Please print every line from the one containing "Школьный ранец с" through the last line of the records below, exactly as written and nothing more.

DATA TO PROCESS |
-*-
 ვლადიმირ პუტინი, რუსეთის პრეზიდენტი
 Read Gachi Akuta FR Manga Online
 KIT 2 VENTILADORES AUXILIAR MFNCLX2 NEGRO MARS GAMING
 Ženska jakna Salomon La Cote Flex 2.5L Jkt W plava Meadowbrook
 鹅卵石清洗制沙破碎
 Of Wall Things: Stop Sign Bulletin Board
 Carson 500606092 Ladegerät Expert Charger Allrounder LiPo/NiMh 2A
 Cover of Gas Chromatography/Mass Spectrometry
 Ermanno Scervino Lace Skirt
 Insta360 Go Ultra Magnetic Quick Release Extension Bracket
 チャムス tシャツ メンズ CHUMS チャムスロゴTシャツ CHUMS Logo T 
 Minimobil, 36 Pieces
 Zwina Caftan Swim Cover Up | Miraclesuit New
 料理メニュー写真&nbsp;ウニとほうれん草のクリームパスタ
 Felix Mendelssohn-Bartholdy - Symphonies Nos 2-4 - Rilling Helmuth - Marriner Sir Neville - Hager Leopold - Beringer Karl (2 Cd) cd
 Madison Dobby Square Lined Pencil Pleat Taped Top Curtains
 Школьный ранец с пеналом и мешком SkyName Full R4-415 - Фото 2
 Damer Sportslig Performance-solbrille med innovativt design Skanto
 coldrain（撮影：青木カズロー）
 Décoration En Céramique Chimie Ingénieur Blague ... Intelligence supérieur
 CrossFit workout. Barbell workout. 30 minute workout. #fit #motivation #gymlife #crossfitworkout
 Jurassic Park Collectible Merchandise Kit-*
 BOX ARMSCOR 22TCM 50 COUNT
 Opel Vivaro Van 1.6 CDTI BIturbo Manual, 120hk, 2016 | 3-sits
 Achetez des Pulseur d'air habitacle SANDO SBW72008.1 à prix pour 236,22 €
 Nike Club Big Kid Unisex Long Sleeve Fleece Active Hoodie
-*-
SOLUTION TO THE EXERCISE |
 Школьный ранец с пеналом и мешком SkyName Full R4-415 - Фото 2
 Damer Sportslig Performance-solbrille med innovativt design Skanto
 coldrain（撮影：青木カズロー）
 Décoration En Céramique Chimie Ingénieur Blague ... Intelligence supérieur
 CrossFit workout. Barbell workout. 30 minute workout. #fit #motivation #gymlife #crossfitworkout
 Jurassic Park Collectible Merchandise Kit-*
 BOX ARMSCOR 22TCM 50 COUNT
 Opel Vivaro Van 1.6 CDTI BIturbo Manual, 120hk, 2016 | 3-sits
 Achetez des Pulseur d'air habitacle SANDO SBW72008.1 à prix pour 236,22 €
 Nike Club Big Kid Unisex Long Sleeve Fleece Active Hoodie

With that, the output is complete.